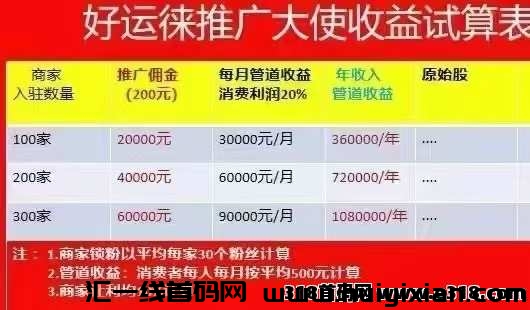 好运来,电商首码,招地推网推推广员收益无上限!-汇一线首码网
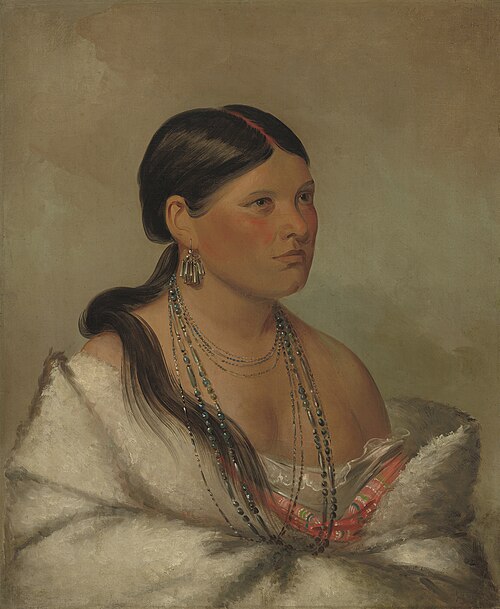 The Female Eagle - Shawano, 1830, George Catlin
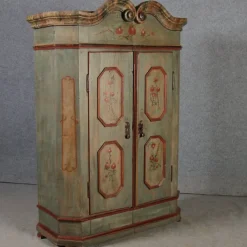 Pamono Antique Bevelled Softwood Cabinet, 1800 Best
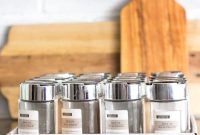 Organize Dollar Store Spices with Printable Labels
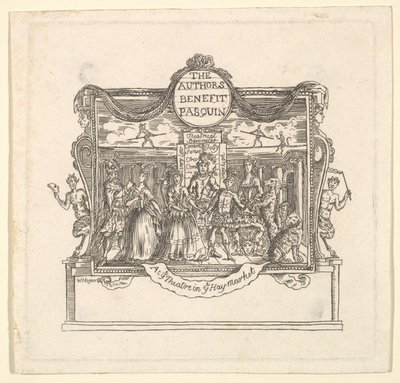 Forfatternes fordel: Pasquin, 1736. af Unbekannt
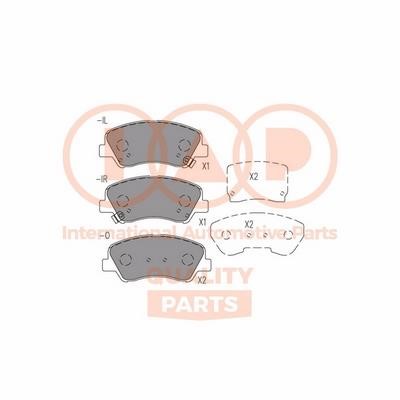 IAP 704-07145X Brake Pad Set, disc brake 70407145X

+--

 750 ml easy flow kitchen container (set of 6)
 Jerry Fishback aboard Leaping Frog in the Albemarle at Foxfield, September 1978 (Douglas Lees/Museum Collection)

+--

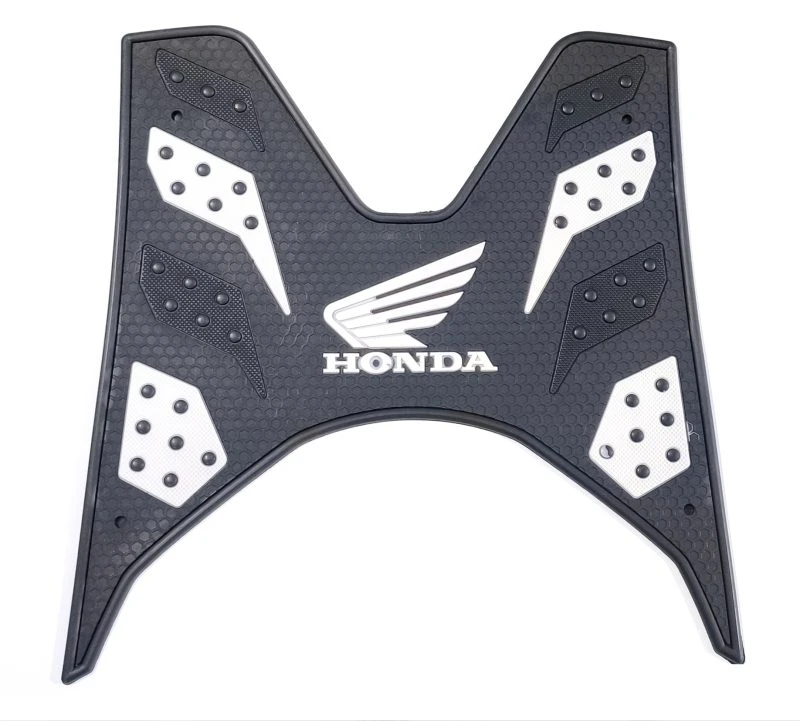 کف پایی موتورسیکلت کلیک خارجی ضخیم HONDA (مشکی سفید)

+--

* **Exercise instructions**:
Your output should be the lines above from the one that contains "好运来,电商首码,招地推网推推广员收益无上限!-汇一线首码网" through the one that contains "IAP 704-07145X Brake", word for word, with pictures left out.

* **Reply to the exercise**:
 好运来,电商首码,招地推网推推广员收益无上限!-汇一线首码网
 The Female Eagle - Shawano, 1830, George Catlin
 Pamono Antique Bevelled Softwood Cabinet, 1800 Best
 Organize Dollar Store Spices with Printable Labels
 Forfatternes fordel: Pasquin, 1736. af Unbekannt
 IAP 704-07145X Brake Pad Set, disc brake 70407145X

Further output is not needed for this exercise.